Is this America?
By that I mean, how can this combined with this be America? People pawning possessions to buy gas while oil executives make $150,000 dollars a day?
If that is anyone's defintion of all men being created equal, then the word "equal" has no meaning. If that is "promoting the general welfare," then that phrase is useless.
And by all sane accounts, Bush's insane, unnecessary saber-rattling against Iran is helping jowly executives while stretching the budgets of jowly (and non-jowly) non-executives literally to the breaking point.
War is a racket. Wars like the one we are waging against Iraq and like the one Bush and Co. want to wage against Iran violate not only international law, they violate American law.
This is not what America should be.
And Aravosis is right, watching all those kids sing along to Pink's "Dear Mr. President" is heartening, moving, and hopeful. Especially when they all cheer during the part about being gay (especially if you know that the studio version was recorded with the incomparable Indigo Girls).
Is Ahmadenijad A Nice Guy Or A Demon? I Report, You Decide...

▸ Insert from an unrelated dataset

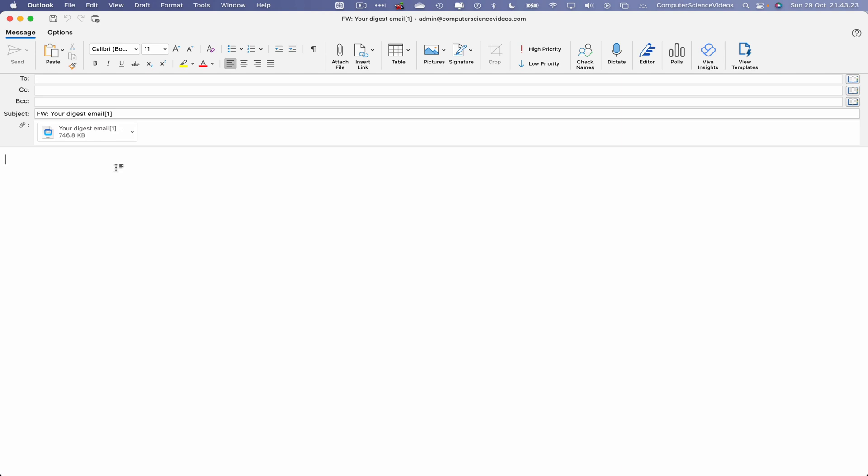Hello, please see the forwarded email. Kind regards. And then insert the signature.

Based on this quote from this story:
AFP adds from Tehran: Iranian President Mahmoud Ahmadinejad repeated his view Friday that only rich countries should pay the "real price" of crude oil and that poorer nations should get it more cheaply.To me, that sounds like fair trade. Fair business practices. It's like the StickerGuy's policy for doing stickers for bands: if you're on a major label and are backed by millions of dollars, he charges you a lot more for stickers (that's what his policy used to be, anyway). If you're a self-financed, DIY, independent band, he charges you less. It's progressive pricing. And that's an attitude the corporatists and the right-wing meanies don't dig.

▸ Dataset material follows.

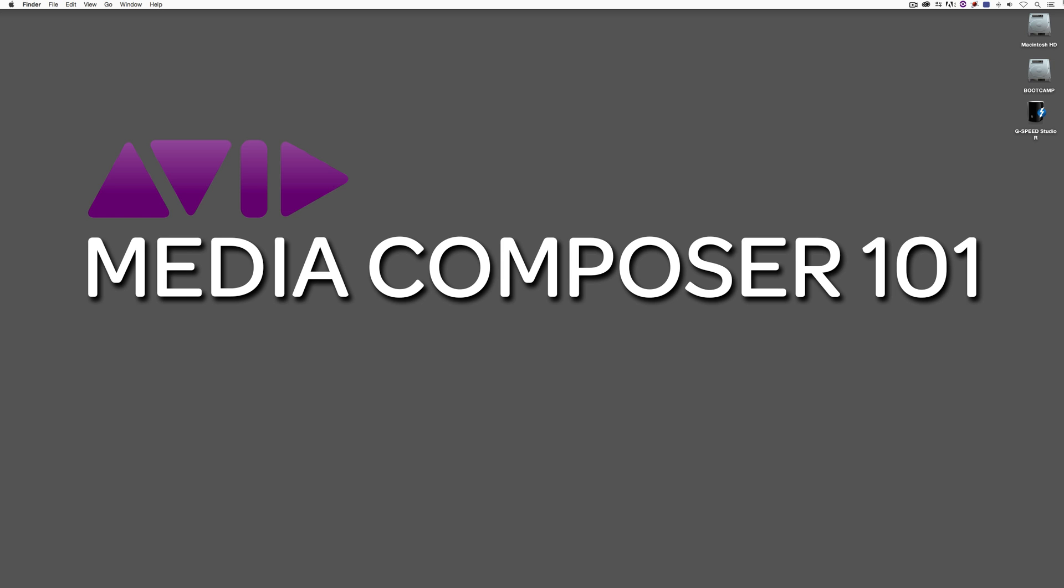Before we do get into Media Composer, I do want to mention that I've actually just written an in-depth article for Pro Video Coalition specifically on this topic. So if you'd like to sort of read the article and then actually see what we're talking about live in action, this is sort of a good tag team to go with. What I'm going to do is I'm going to put a link to this in the show notes.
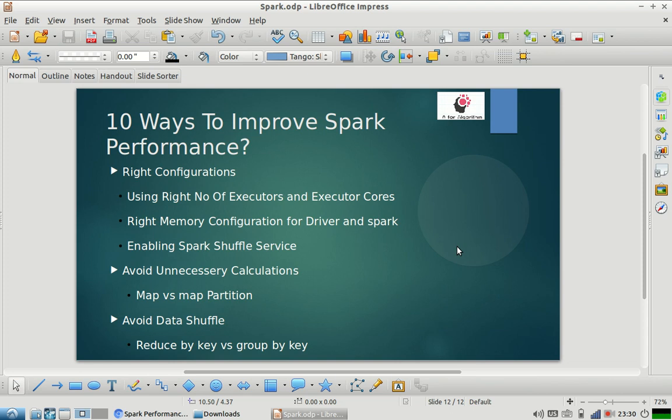The third way is to avoid data shuffle. Many operations do not use a combiner, meaning the amount of data traveling over the network will be huge. You should avoid operations that cause high data shuffle. For example, use reduceByKey rather than groupByKey. groupByKey does not use a combiner, while reduceByKey does, so the amount of data traveling over the network between executors will be much lower with reduceByKey.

"We should adopt a formula and schedule to prevent the increase in oil prices from harming the weaker countries who do not have oil," he told reporters on the sidelines of an oil industry exhibition in Tehran.
"They should not be harmed, although industrial countries who have hundreds of billion of dollars should pay the real price of oil," he explained, adding that the Iranian oil and foreign ministries were studying the issue.